While on the subject of thrilling conclusions, Saint-Saëns provided one in this third symphony. It’s hard to imagine that at its first performance on 19 May 1886 at a Philharmonic Society concert (for which it was commissioned) at St James’s Hall in London, it was probably given a staid reception. Saint-Saëns himself conducted, having just performed his fourth piano concerto in the first half of the concert. The symphony may follow the language and lineage of Schumann and Mendelssohn but it has its own idiosyncratic fingerprints belonging to Saint-Saëns. The work was dedicated to Liszt when his death was announced two months after the premiere and therein lie several points of significance. It was Liszt — as famous a pianist and organist as Saint-Saëns — who saw the score a year before its completion and professed his admiration for it. It had been Liszt, who, in the 1840s, took the symphony down the road to the symphonic poem after Beethoven threw the genre into disarray with his ninth in 1824.

While there is no programme in Saint-Saëns’ work, it nevertheless has recurrent motifs and a structure of two pairs of movements rather than the traditional four. These nevertheless follow the conventional patterns with a discernible theme and variations as the second part of the first half and a scherzo at the start of the next as well as contrapuntal episodes dominating the finale and befitting the complex fugal traditions of extemporising French organists.
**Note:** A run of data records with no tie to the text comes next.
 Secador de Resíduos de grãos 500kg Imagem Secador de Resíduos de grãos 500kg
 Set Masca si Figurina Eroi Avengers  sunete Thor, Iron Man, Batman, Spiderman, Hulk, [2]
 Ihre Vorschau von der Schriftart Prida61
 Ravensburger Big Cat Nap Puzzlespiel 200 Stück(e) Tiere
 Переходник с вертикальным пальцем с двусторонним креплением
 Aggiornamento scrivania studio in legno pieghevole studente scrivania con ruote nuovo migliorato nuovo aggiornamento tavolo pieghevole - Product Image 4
On the matter of scoring, Saint-Saëns proved himself adept and the master of the coup de théâtre. The string writing is for the most part translucent (Mendelssohn) in the scherzo, having been lyrical (Bruch) in the Poco Adagio. There is no harp — that bedrock instrument of French music in the nineteenth and twentieth centuries — and the use of the piano is curious not to say extravagant. It features only in the second part, with one player playing scale passages in the Trio, after which another player has to join for only eight bars in duet with a flurry of arpeggios covering the full breadth of the keyboard at the beginning of the Finale. Both moments recall the piano writing in his Carnival of the Animals, which had been composed in February 1886, just three months before the symphony’s premiere. In the earlier work, scales depict the Hémiones (animaux véloces) or wild asses (swift animals), while the eight-bar duet recalls the darting fishes in the Aquarium. The entry of the organ might have inspired Richard Strauss in the similarly theatrical sunrise in Also sprach Zarathustra ten years later.
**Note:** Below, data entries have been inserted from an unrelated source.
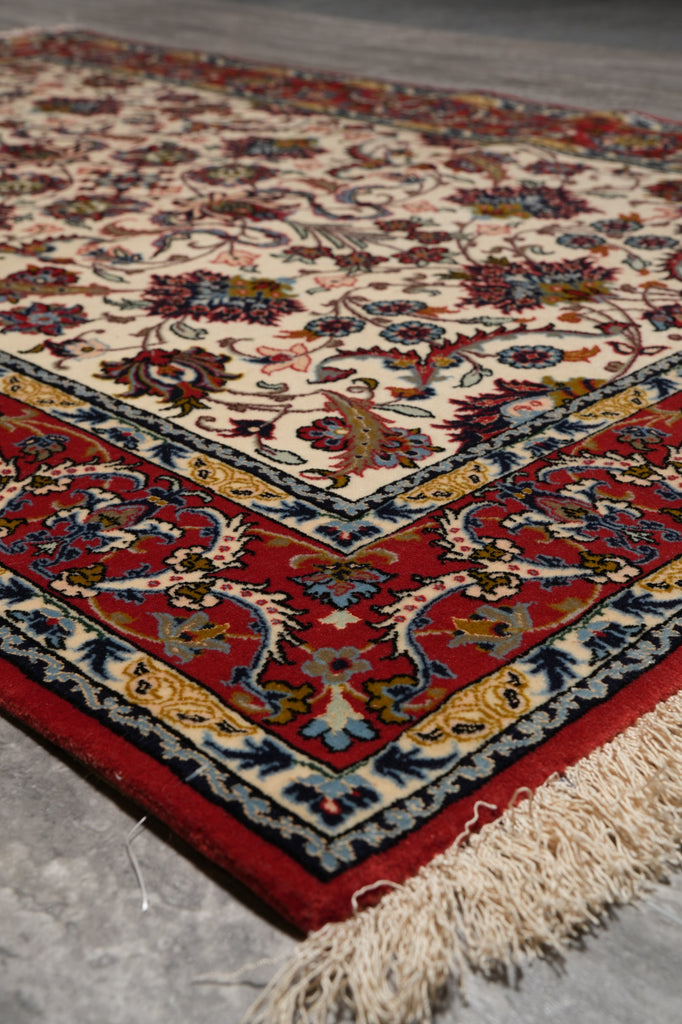 3.6 x 5.4 Super Fine Quality Wool and Silk on Silk Persian Esfahan Rug 500 Kpsi Iran #LA-53354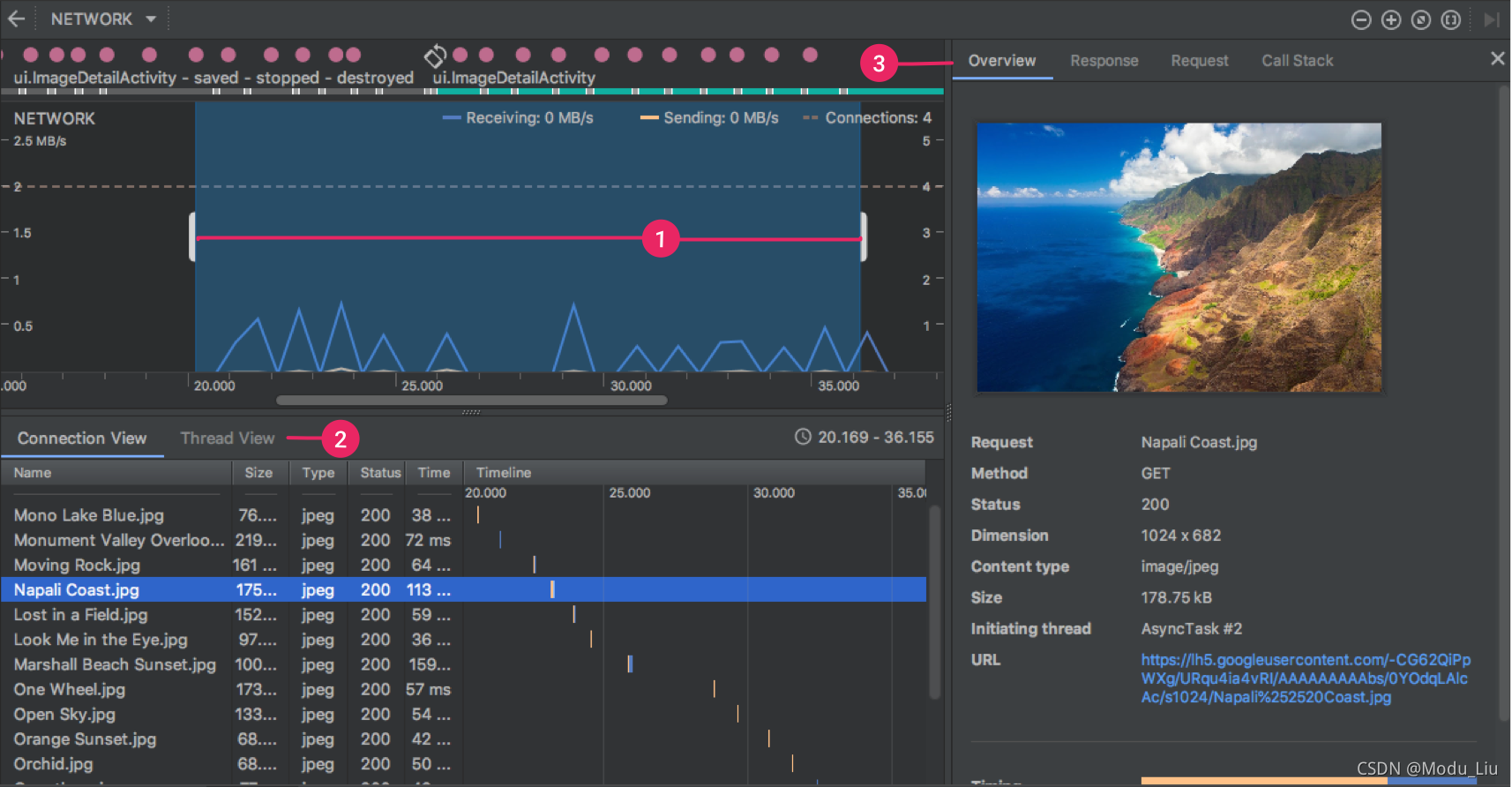 Android Studio 性能优化工具 - Profiler、CPU Profiler、Memory Profiler、Netwrok ...
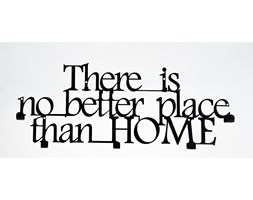 Wieszak do przedpokoju There is no better place than Home - Szary metalic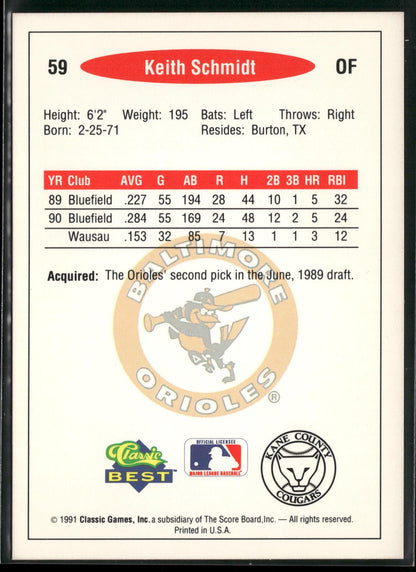 1991 Classic Best #59 Keith Schmidt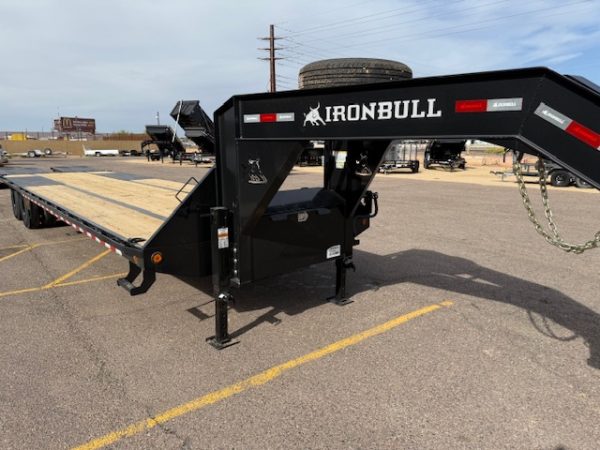36x102 Ironbull Gooseneck Tandem Duals, Deckover, 23,900K GVWR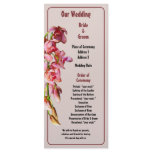 Cascade of Pink Orchids Wedding Program Custom Rack Cards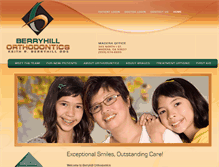 Tablet Screenshot of berryhillortho.com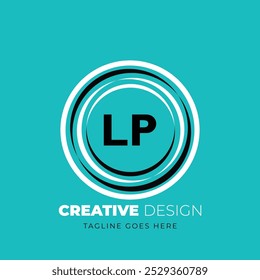 LP letter logo creative design. LP unique design. Vector illustration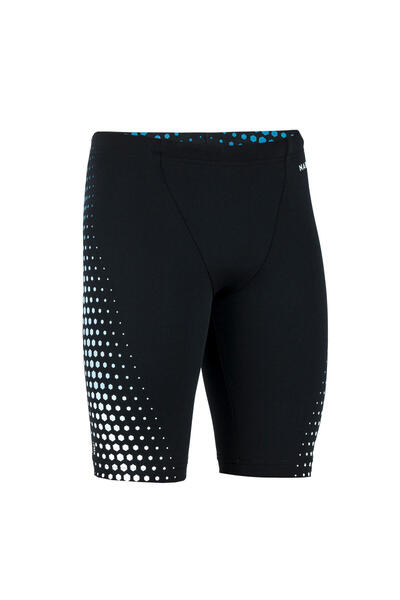 Nabaiji Children's Jammer Swimsuit - Black/White - Mesh - 500 Fıtıb
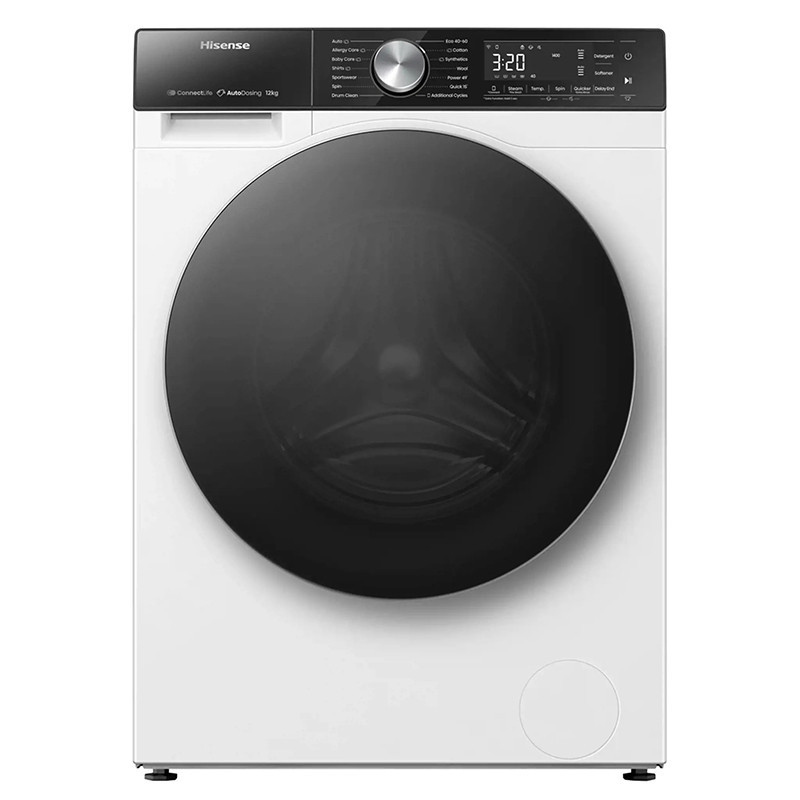 Lave-linge hublot 12kg 1400tr/min- HISENSE - WF5S1245BW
Ludovic Morlot paces the work brilliantly and builds the tension right until the all-powering release in the apotheosis which concludes the work. After the French premiere of the symphony, Gounod said of Saint-Saëns, ‘there goes the French Beethoven’ but Saint-Saëns in one of his more self-deprecating lows considered himself to be the ‘first among composers of second rank’. A pity he did not hear the audience on this disc, who, with good reason, go wild after the last chord of C major. That would have lifted the composer’s spirits.